SuaraSumut.id - Green Justice Indonesia (GJI) bersama Wahana Lingkungan Hidup Sumatera Utara (Walhi Sumut) dan Pewarta Foto Indonesia (PFI) Kota Medan menggelar diskusi Catatan Akhir Tahun 2023 di Taman Budaya Medan.
Catatan Akhir Tahun 2023 ini membahas seputar isu lingkungan yang kian mengkhawatirkan di Sumut. Eksploitasi sumber daya alam (SDA) terjadi ugal-ugalan yang berdampak terhadap kerusakan lingkungan, bencana dan juga menimbulkan konflik agraria.
Direktur Walhi Sumut Ryanda Purba menjelaskan, sepanjang 2023 pihaknya mencatat ada 18 kasus konflik agraria atau sumber daya alam (SDA) dengan total luas mencapai 18.141 hektar.
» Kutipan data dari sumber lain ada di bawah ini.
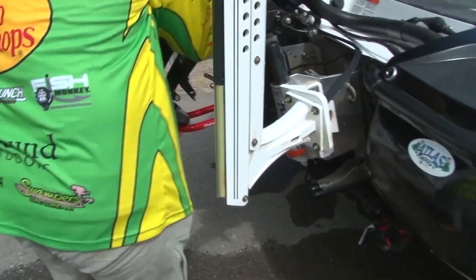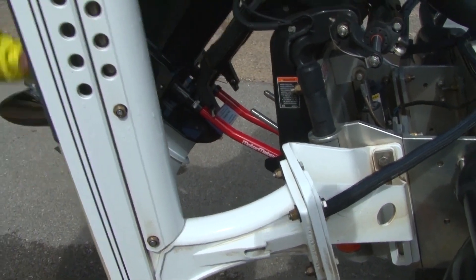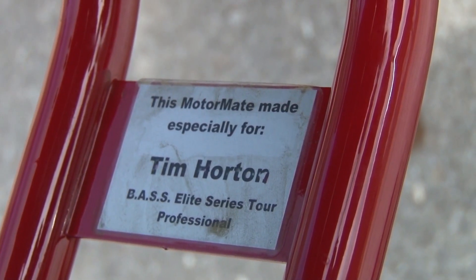Show you guys how quick and easy that is. Just clips in right there, trimming back down right on the tabs — locked in, secure, ready to go. Let's hit the road. See you guys tomorrow right here on THO365.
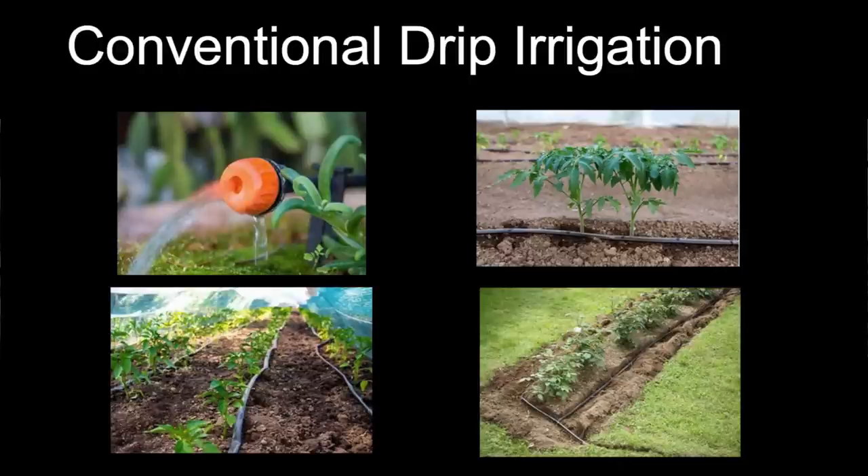You can buy different tapes and hoses with emitters for drip irrigation, and I encourage you to do that. But one of my specialties is figuring out how to do things with not very much money. Sometimes people say they can't get prepared because they can't buy all this stuff—but think outside the box. I had a neighbor who wanted a piece of property cleaned up, and there was a whole bunch of PVC pipe—miles of the stuff—and he said to just get rid of it.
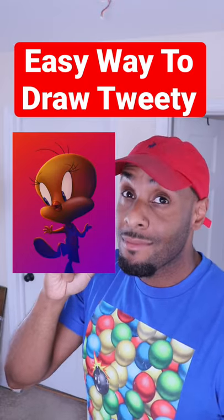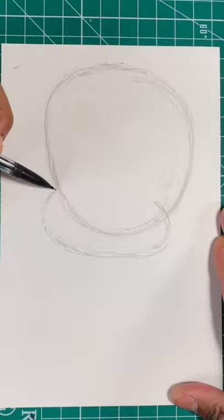Here's the easy way to draw Tweety. Step one, draw a circle. Next, let's draw a wide oval at the bottom of the circle.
Di mana 18 kasus ini terjadi di 9 areal hutan dan 9 lokasi areal lainnya.
"Sekitar 7.000-an Kepala Keluarga (KK) yang rentan tergusur. Kita juga mencatat ada 15 warga yang terjerat kriminalisasi," katanya, Kamis (28/12/2023).
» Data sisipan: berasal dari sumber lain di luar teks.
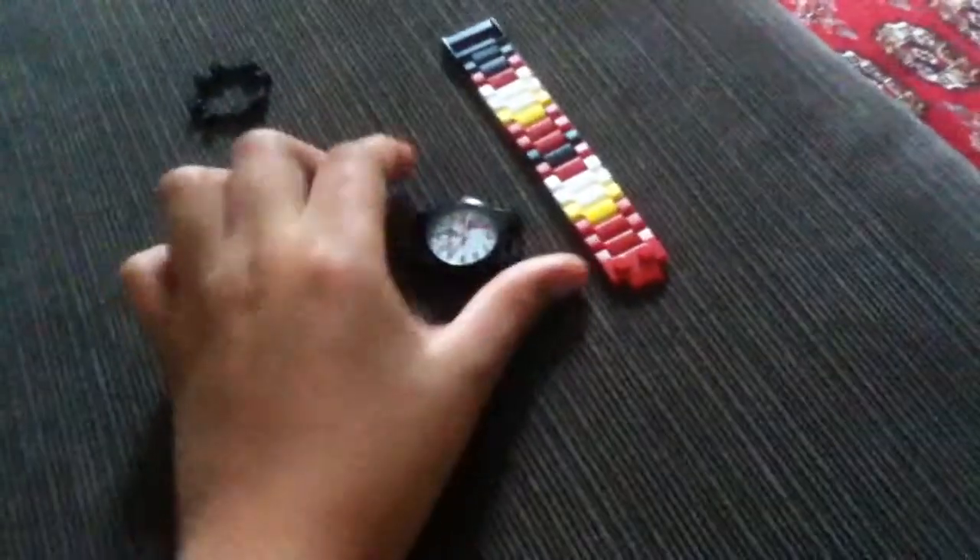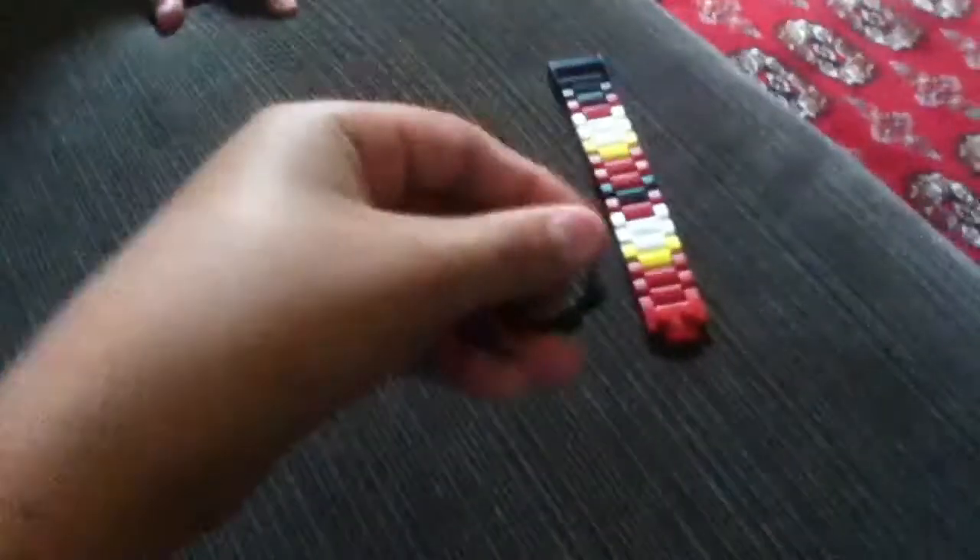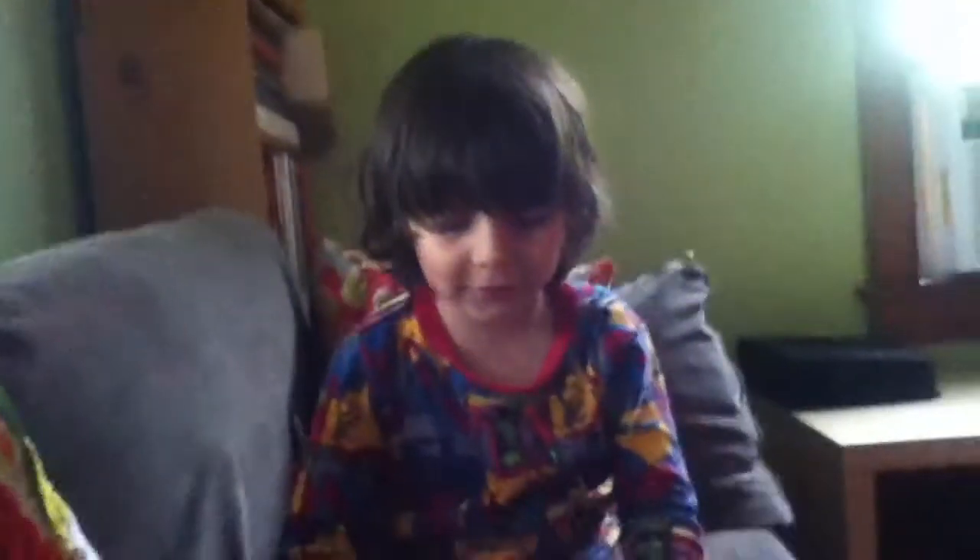My little brother wants to show how to make a Lego Ninjago watch. It comes with the watch part thing to put on the watch. Do you want to tell how to make it? Okay.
Ryanda mengatakan pihaknya juga mencatat 13 kasus pencemaran lingkungan di tahun 2023. Mulai dari pencemaran air, pencemaran laut, tanah, sungai, hingga udara.
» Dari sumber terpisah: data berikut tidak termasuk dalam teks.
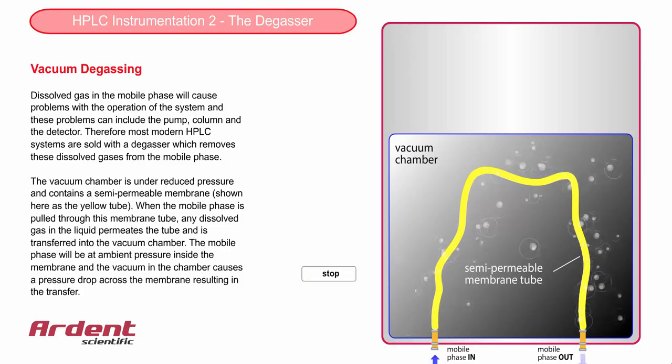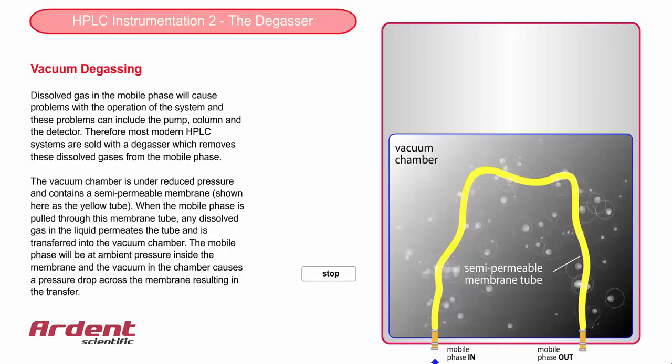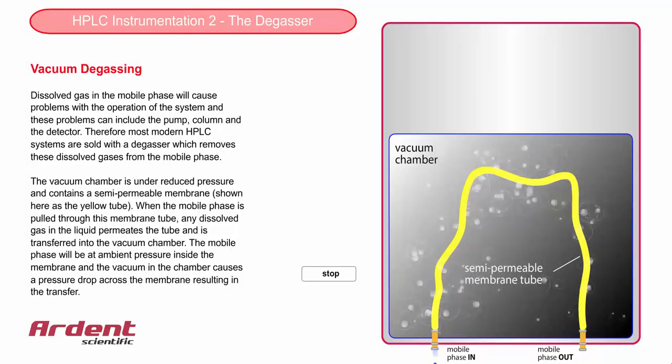The solvents sit on top of the stack and adjust at ambient pressure. The pump is pulling the solvent through a semi-permeable membrane, and this membrane sits within the vacuum chamber.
Sumber penyebab pencemaran di antaranya kapal internasional pengangkut aspal di Nias Utara, aktivitas pelabuhan, pabrik, PLTU, hingga SPBU.
"Di Nias Utara, akibat tumpahnya aspal di kapal asing yang bocor itu, nelayan harus hilang mata pencahariannya dan semakin jauh mereka melaut karena laut pesisirnya sudah tercemar aspal," ungkapnya.
"Di Belawan juga demikian. Warga harus mandi dan minum dengan air yang tidak layak. Begitu juga dengan pencemaran di sekitar industri, air tanah oleh di beberapa daerah yang kita tangani langsung itu kita cek beberapa sampel, juga tidak layak untuk konsumsi dan lagi-lagi jawaban pemerintah hanya normatif, lambat," sambungnya.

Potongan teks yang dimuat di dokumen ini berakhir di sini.